Records from a dataset:
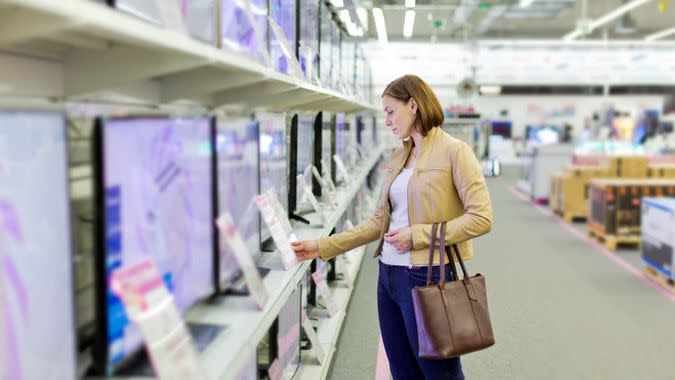 woman chooses a TV in the store.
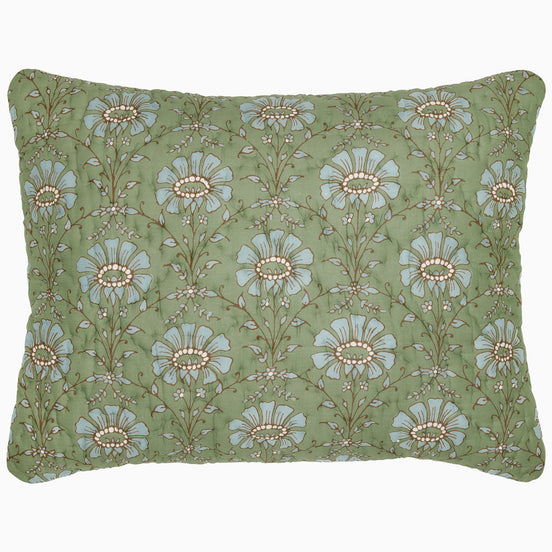 The Jeeva Sage Quilt by John Robshaw is a rectangular pillow with a green background, featuring a pattern of large blue and white flowers with intricate stems and leaves, reminiscent of a spring meadow design. This soft cotton quilted piece is both charming and cozy.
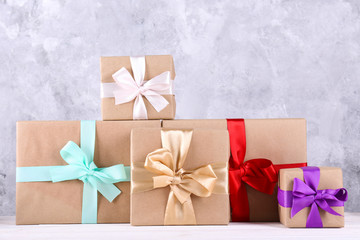 Simple composition with multiple presents wrapped in hand made blank craft paper gift wrap, pastel...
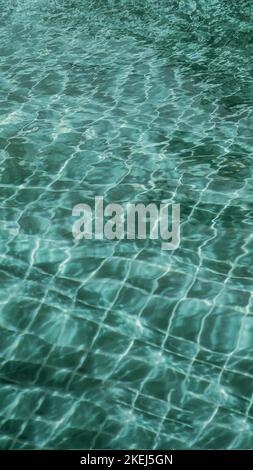 Abstract background Patterns Ripped water Surface swimming pool Light Reflection Vibrant blue green Stock Photo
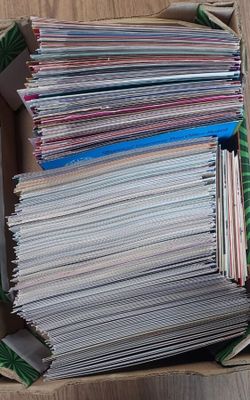 une boîte remplie de magazines posée par terre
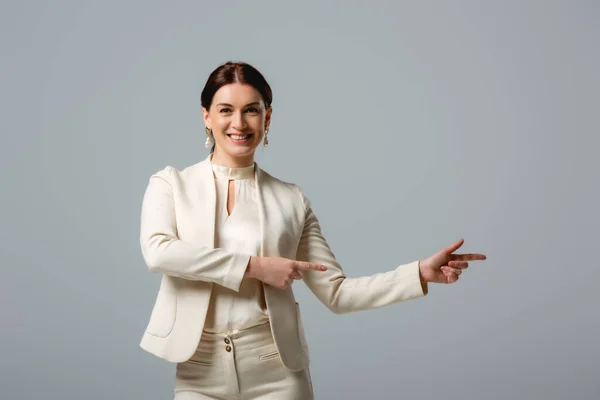 Smiling woman in formal wear pointing with fingers isolated on grey — Stock Photo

### ACTIVITY
Only an exact copy belongs in the answer: the lines from the one containing "une boîte remplie" through the end of the records, both ends included, minus the pictures.

### FINAL ANSWER
 une boîte remplie de magazines posée par terre
 Smiling woman in formal wear pointing with fingers isolated on grey — Stock Photo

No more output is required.